Regarding the latter, there is some benefit to the generations that follow. The benefit is in some of the choices they made, one of which was how they bought a home.
How Baby Boomers' Parents Bought Homes
The CNBC report "Tom Brokaw Reports: Boomer$!" discussed how when the Greatest Generation came home from World War II they typically purchased homes in towns like Levittown, New York, a Long Island suburb that was full of cookie cutter homes.
Living in a house was a means of fulfilling a basic need: shelter. A home with three bedrooms and one and a half bathrooms was adequate, though cramped, for a family of six as the boys could have one bedroom and the girls another.
While there are members of this generation who indulged in finer custom homes, they did not do so at the rate of which their children did.
How Baby Boomers Bought Homes
The typical middle class Baby Boomer in the 1990's could be found upgrading his home. The United States was going through a boom period in both the stock and housing markets, and when Baby Boomers saw that they held a respectable amount of equity in their homes matched with the growth of their tech-centered mutual funds, they believed that upgrading would be a wise decision, and perhaps well deserved.
Baby Boomers treated their homes as investments in both their retirement and current lifestyle. They wanted their children to have their own bedrooms, and, in some cases, their own bathrooms.
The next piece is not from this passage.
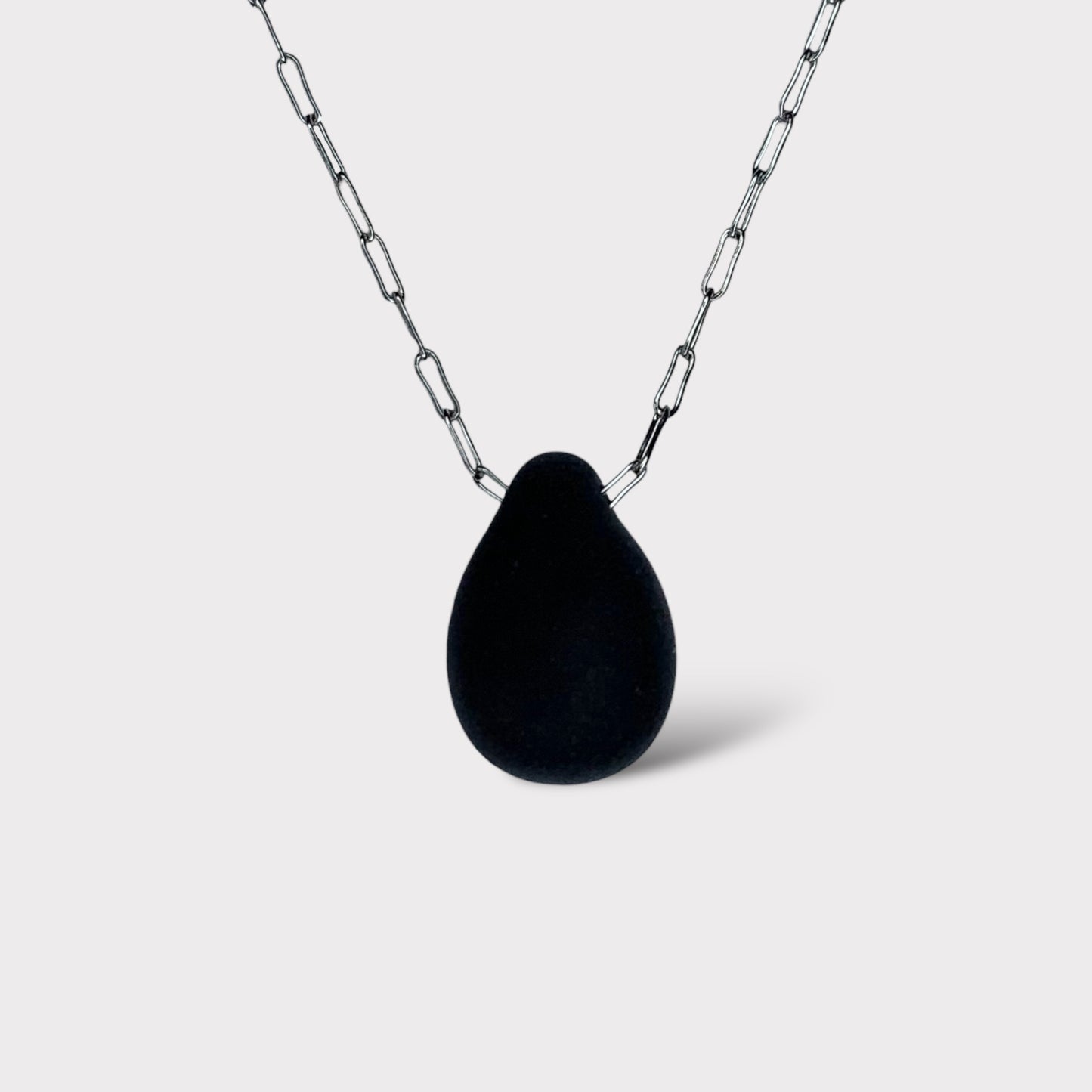A sleek black matte teardrop-shaped glass pendant, elegantly hanging from a stainless steel chain, styled on a white background for a bold and modern look.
There had once been a time when a home with a living room, den, and a dining room was quite luxurious, but many middle class Americans owned such homes because they were willing to believe that it was alright not to own a home outright, and that the value would always go up. In some cases, they borrowed money from their parents to make such purchases.
The Lesson in Boomer Home Buying Methods
The lesson that Baby Boomers can offer to those who follow when it comes to home buying is that a home, especially a first home, should be purchased as a means of providing shelter. And while a home can be a great investment, it won't be if its inhabitants cannot hold onto it as a result of high payments and extended borrowing.